Kate tinha sido vítima do deepfake, quando alguém usa a inteligência artificial para manipular digitalmente uma imagem — no caso dela, seu rosto foi sobreposto à imagem de uma atriz pornô.
O vídeo de deepfake com o qual ela se deparou no Twitter — com Kate, que já fazia campanhas contra a pornografia não consensual — foi feito usando imagens de entrevistas na TV que ela deu como ativista.
“Fiquei arrasada. Eu não conseguia pensar com clareza”, diz ela. “Lembro de pensar que este vídeo seria visto em tudo que é lugar. Foi horrível.”
No passado, celebridades e políticos eram os alvos mais comuns de deepfakes — mas nem sempre pornográficos, alguns apenas para fins cômicos. Mas, ao longo dos anos, isso mudou: de acordo com a empresa de segurança cibernética Deeptrace, 96% de todos os deepfakes são de caráter pornográfico e não consensual.
Assim como a pornografia de vingança, a pornografia deepfake é uma forma de abuso sexual baseado em imagem, um termo abrangente que inclui a captura, criação e/ou compartilhamento de imagens íntimas sem consentimento.
Na Escócia, já é um delito compartilhar imagens de uma pessoa em situação íntima sem seu consentimento. Mas em outras partes do Reino Unido, isto é considerado um delito apenas se for provado que tais ações pretendiam causar sofrimento à vítima — uma brecha que resulta em frequente impunidade.
Mas no resto do Reino Unido, o aguardado Plano de Segurança Online, de alcance nacional, está passando por intermináveis revisões e arquivamentos.
Kate Isaacs fundou a campanha #NotYourPorn em 2019. Um ano depois, seu ativismo contribuiu para que o site de entretenimento adulto Pornhub derrubasse todos os vídeos em sua plataforma enviados por usuários não verificados — o que era a maioria.
Kate concluiu que foi vítima de deepfake por parte de alguém incomodado com seu ativismo.
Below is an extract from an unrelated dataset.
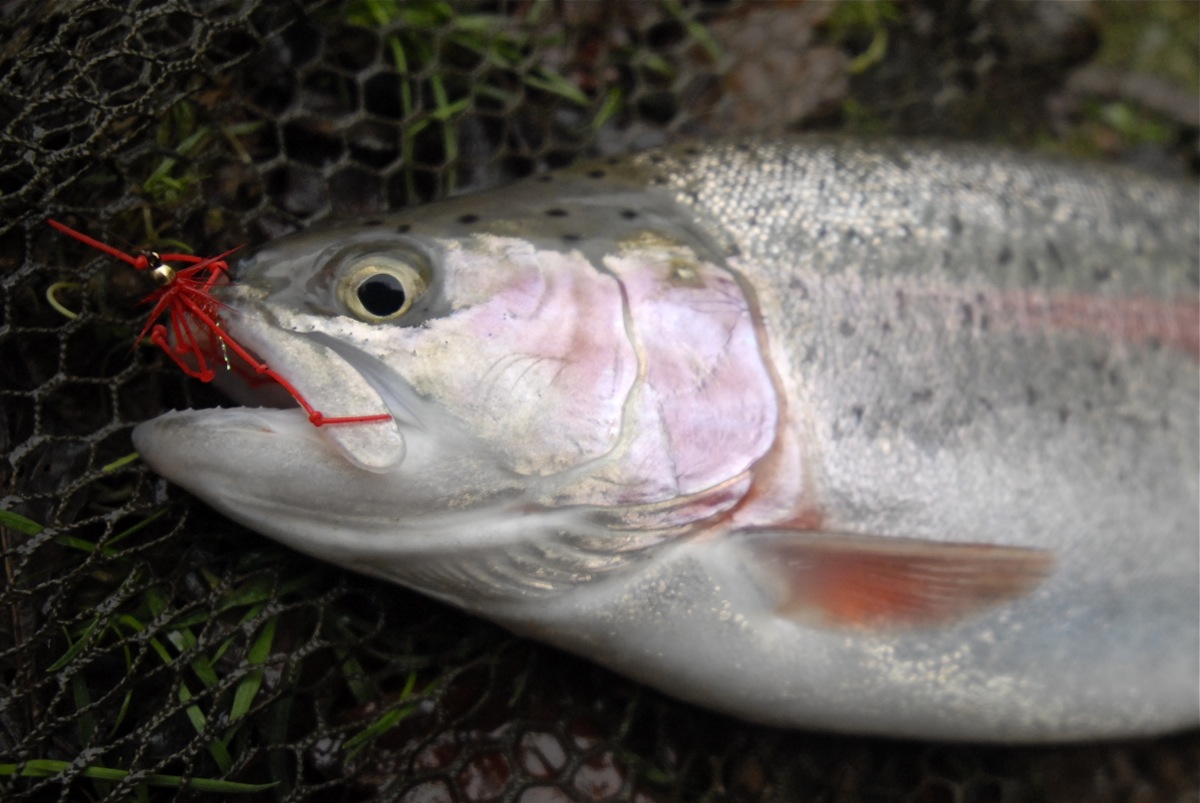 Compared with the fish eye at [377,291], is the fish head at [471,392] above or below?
below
Mas ela não tinha ideia de quem era essa pessoa, ou quem poderia ter visto o vídeo. Ela se preocupou também com o fato de que o vídeo era convincente o suficiente para que pessoas realmente achassem que era ela ali.
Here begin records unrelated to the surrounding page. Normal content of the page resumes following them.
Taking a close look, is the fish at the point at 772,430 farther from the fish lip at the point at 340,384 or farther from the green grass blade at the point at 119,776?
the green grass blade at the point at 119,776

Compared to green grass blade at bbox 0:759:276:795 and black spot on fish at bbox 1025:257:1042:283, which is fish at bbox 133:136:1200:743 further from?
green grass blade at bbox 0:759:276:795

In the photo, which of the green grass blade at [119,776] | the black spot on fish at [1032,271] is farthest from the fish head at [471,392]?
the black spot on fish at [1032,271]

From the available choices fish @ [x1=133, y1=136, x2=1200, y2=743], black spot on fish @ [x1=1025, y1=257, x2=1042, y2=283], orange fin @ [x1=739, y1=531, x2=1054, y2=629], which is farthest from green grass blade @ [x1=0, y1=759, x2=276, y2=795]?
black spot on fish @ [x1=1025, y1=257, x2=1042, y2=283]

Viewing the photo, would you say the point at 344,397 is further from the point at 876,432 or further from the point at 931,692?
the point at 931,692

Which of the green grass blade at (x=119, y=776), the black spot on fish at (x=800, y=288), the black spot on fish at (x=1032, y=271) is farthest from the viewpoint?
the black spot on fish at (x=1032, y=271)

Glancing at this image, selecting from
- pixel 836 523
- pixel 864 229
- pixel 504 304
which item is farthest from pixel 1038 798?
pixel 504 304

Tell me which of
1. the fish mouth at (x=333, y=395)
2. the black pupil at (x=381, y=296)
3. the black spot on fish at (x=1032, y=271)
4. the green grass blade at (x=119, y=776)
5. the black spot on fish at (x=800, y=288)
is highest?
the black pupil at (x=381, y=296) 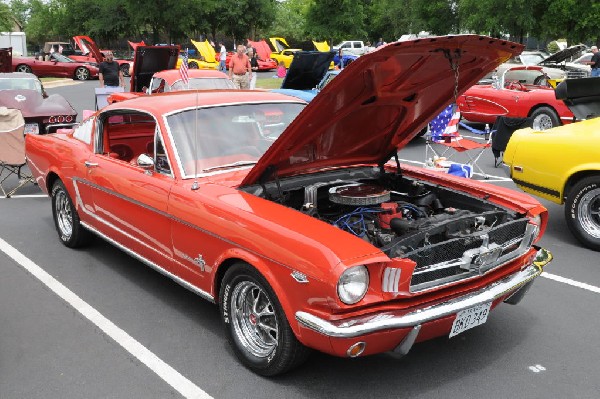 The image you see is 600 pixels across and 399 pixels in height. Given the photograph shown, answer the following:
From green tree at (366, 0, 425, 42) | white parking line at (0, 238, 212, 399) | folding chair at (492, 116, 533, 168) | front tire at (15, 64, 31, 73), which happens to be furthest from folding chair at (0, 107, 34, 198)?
green tree at (366, 0, 425, 42)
“Foi uma violação: minha identidade foi usada de uma forma que eu não consenti.”
Alguns usuários também começaram a deixar comentários abusivos, ameaçando-a de muitas coisas horríveis.
“Você começa a pensar em sua família”, diz ela, segurando as lágrimas. “Como eles (parentes) se sentiriam se vissem esse conteúdo?”
A ameaça se intensificou quando os endereços de casa e do trabalho de Kate foram publicados nos comentários, uma prática conhecida como doxing.
“Eu pensei: ‘Estou com problemas de verdade aqui, não são apenas algumas pessoas na internet falando…. Existe um perigo real.'”
A partir de sua experiência apoiando pessoas em situações semelhantes, Kate sabia exatamente o que fazer se alguém se tornasse vítima — mas naquele momento, ela congelou.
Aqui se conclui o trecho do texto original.